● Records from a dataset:
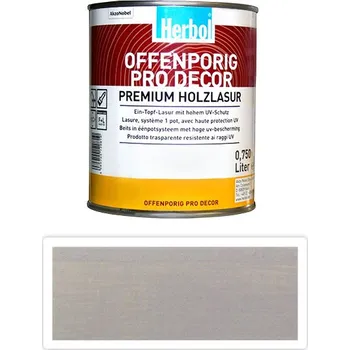 Lak na dřevo HERBOL Offenporig Pro Decor - univerzální lazura na dřevo 0.75 l Světle šedá - Venkovní barva na dřevo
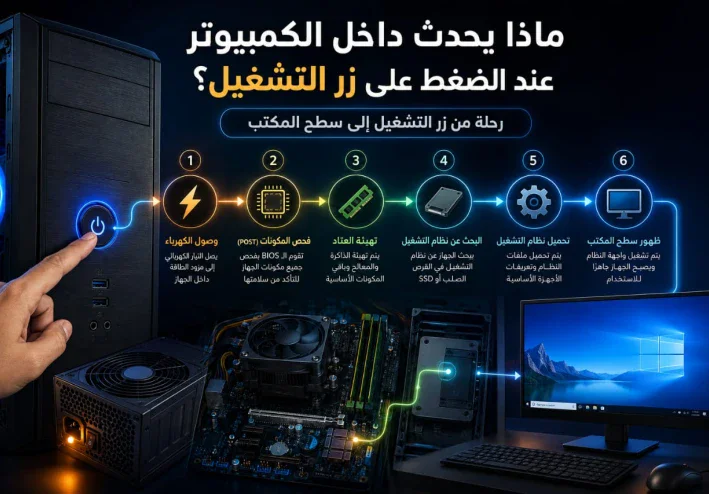 ماذا يحدث داخل الكمبيوتر عند الضغط على زر التشغيل؟ رحلة من زر التشغيل إلى سطح المكتب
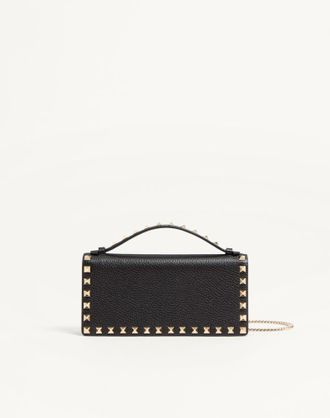 Valentino Garavani Portafoglio Con Catena Rockstud In Vitello Granato Donna NERO UNI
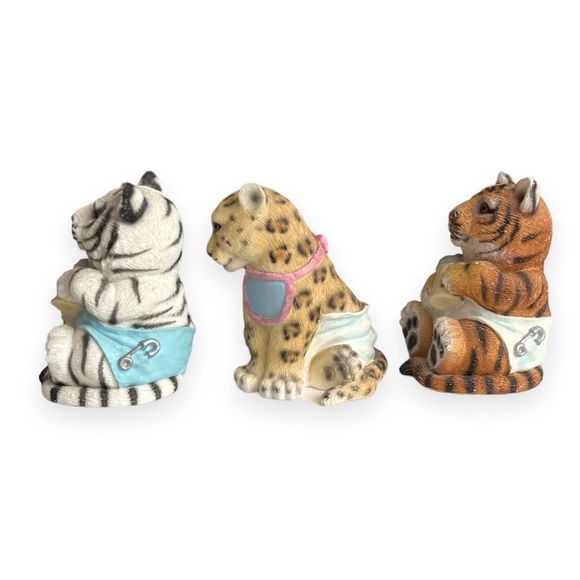 Tiger Leopard White Tiger Baby Bottle Figurines Lot of 3 Collection Encore Group - Picture 7 of 9
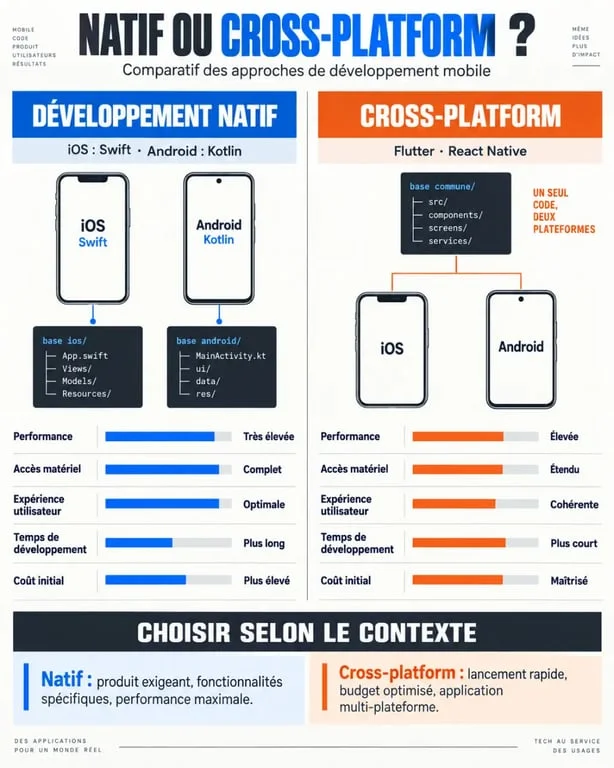 Comparatif des technologies pour une agence de développement d'application mobile : natif vs cross-platform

● TASK OBJECTIVE: The entries are to be transcribed in full. Their pictures are not.

● ANSWER FOR THIS EXERCISE:
 Lak na dřevo HERBOL Offenporig Pro Decor - univerzální lazura na dřevo 0.75 l Světle šedá - Venkovní barva na dřevo
 ماذا يحدث داخل الكمبيوتر عند الضغط على زر التشغيل؟ رحلة من زر التشغيل إلى سطح المكتب
 Valentino Garavani Portafoglio Con Catena Rockstud In Vitello Granato Donna NERO UNI
 Tiger Leopard White Tiger Baby Bottle Figurines Lot of 3 Collection Encore Group - Picture 7 of 9
 Comparatif des technologies pour une agence de développement d'application mobile : natif vs cross-platform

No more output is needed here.